Boost your bottom line further with energy efficiency
Most studies of long-day lighting involved fluorescent lighting rather than
traditional incandescent lighting. Fluorescent lighting provides more light per
energy dollar helps maximize profits.
Long-day lighting increases milk production, but may also result in higher
costs for feed, electricity and lighting. But the increased milk yield produced by
long-day lighting can actually cover these extra costs while leaving a net profit.
This University of Wisconsin study found that long-day lighting results in a
daily profit of 34 cents per cow during the long-day lighting season.
The payback period for long-day lighting varies from operation to operation.

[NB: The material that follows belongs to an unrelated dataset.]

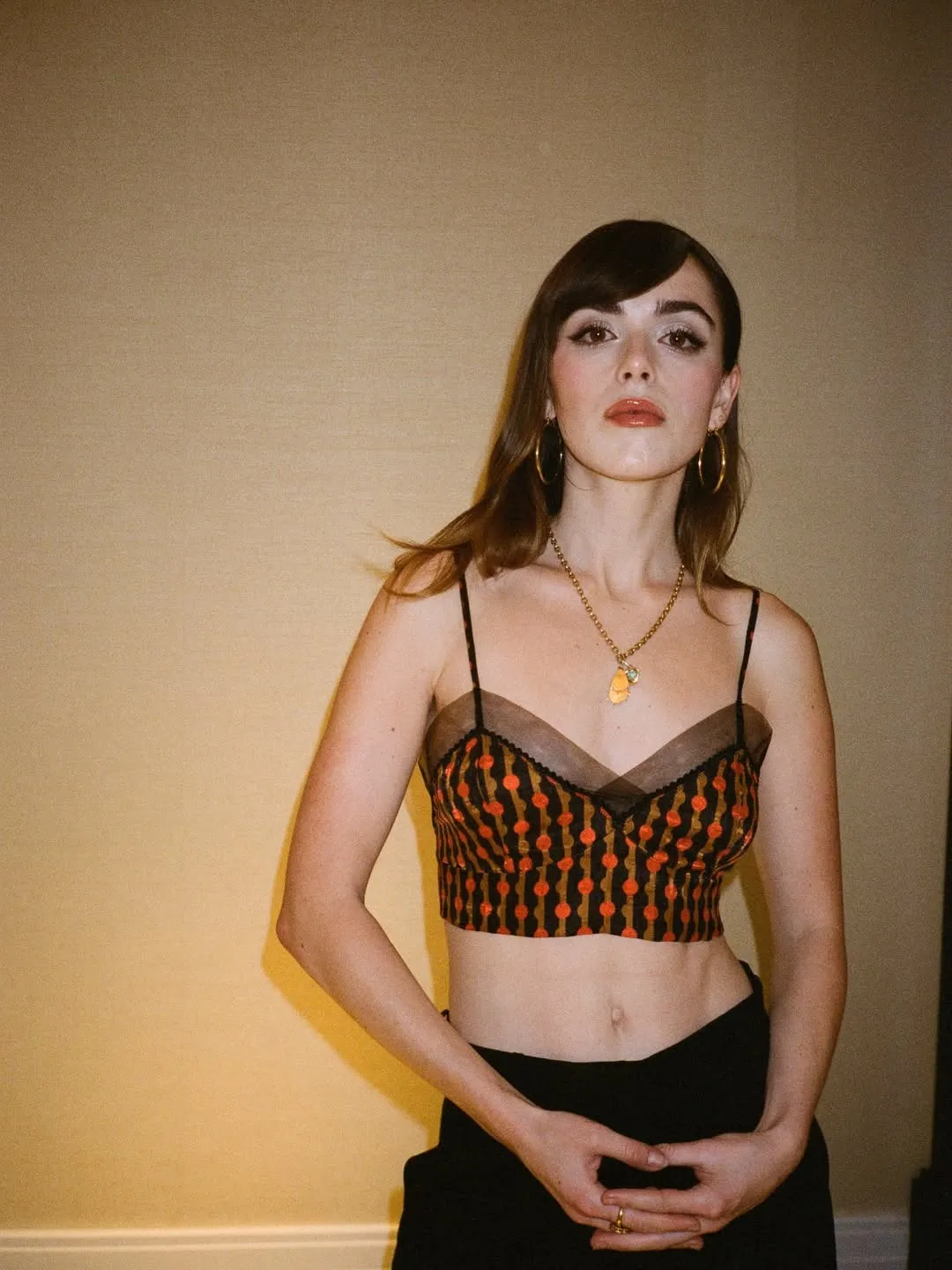 Kiernan Shipka - Photo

The installation costs depend on the following:
- barn style
- current lights being used
- number and capacity of lamps
- mounting height
- fixture spacing
WPS estimates the one-time lighting and installation costs are $36 to $54
per cow, or 20 to 30 cents per cow per day for the first season that long-day lighting
is implemented. A recent study by the University of Maryland derived returns of 30 to
45 cents per cow per day, while a University of Wisconsin study (see table above) found
a daily return of 34 cents per cow. A likely profit scenario follows: With a return of
34 cents per cow per day, a $45-per-cow investment in lighting would be recovered in
132 days. If you install a completely new lighting system with energy-efficient
fixtures, the project could break even in one fall/winter season.